Sites of Transformation

By Anna Dowd

When visual artist David Tucker was introduced to ceramics 20 years ago, something about the direct contact between clay and hands just felt right.

“I’d worked with a number of materials including wax cast to bronze, cast polyurethane and wood, and found myself in overalls, gloves, facemasks, goggles and earmuffs wielding sharp, noisy, smelly dangerous tools.”

“Not good for the body and isolating for me from the material and the world.”

With clay, Tucker used both hands, no other tools were required and he could work from a room in his house, listening to music.

“I need a kiln to make the work go hard, but that’s all. Clay is a natural material, it is the earth.”

It’s these connections between the clay, the body, nature and creativity that are explored in his upcoming exhibition Sites of Transformation at Coffs Harbour Regional Gallery.

The award winning ceramicist says the human body has been a mainstay of his work for a long time, a subject that has a long lineage in sculpture, but in this exhibition, he extends his exploration.

“Some people might still see the body in these works, and I think that’s true, but they also relate to what humans make.

“Clay into pots, pots heated to make them hard, grain fermented in pots to make beer, water heated to make steam, the making of engines.
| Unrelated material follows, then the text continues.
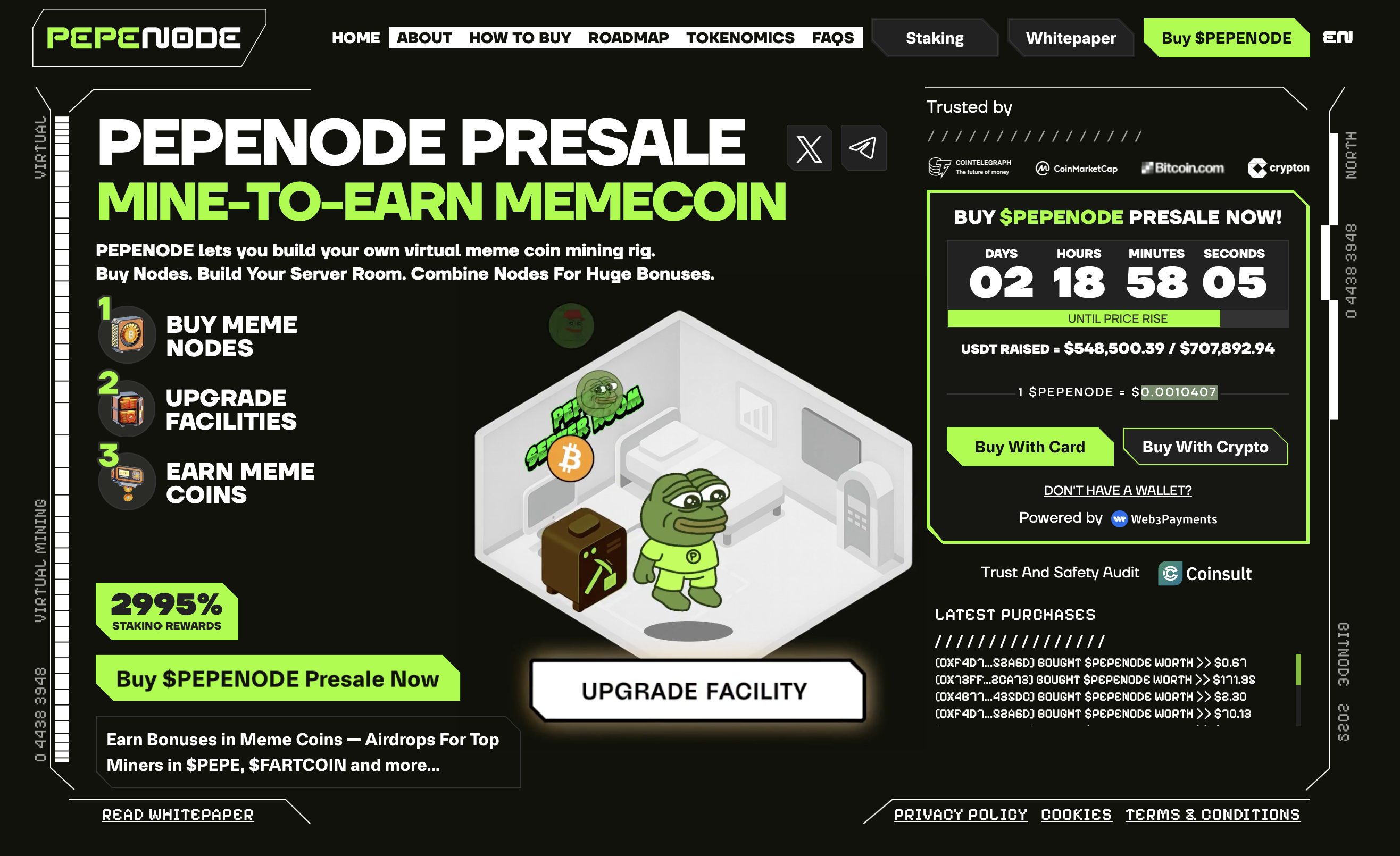 واجهة مستخدم موقع عملة بيبي نود (PEPENODE)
Making is part of who we are, without our even noticing.”

The striking complimentary terracotta and ultramarine blue running through the pieces represent different levels of making.
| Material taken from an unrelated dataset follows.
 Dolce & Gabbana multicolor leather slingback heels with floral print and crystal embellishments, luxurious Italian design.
“Terracotta is one of the ancient materials, and some of these pieces may relate to something archaeological we dig up but don’t know what it might be used for.

“The blue seems to relate to a different level of making, perhaps industrial, or maybe something to do with the mind.”
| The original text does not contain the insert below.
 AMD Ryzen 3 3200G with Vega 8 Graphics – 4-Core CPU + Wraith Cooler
The alchemy involved in human creativity and indeed all natural processes is for Tucker well represented by forms like the humble leech, which during the wet summers on his property at Dundurrabin west of Coffs Harbour, are plentiful.

“They are such a minimalist life form, a sleek muscular tube really. Something goes in. Something happens, change occurs. Something comes out,” he points out.

“The leech is a stripped down metaphor for how existence  transforms something other than itself, into its own separate reality.”

The metaphors nature gives us for change and transformation map readily onto human artistic practice, something Tucker knows intimately as a dedicated visual artist of 40 years, and explores in these works.

“Something may catch our eye and or mind, which when sifted through a memory that surfaces, or something we’ve read or something someone has said, might, if we’re lucky morph into something that’s its own thing, that has its own simple but layered resonance.”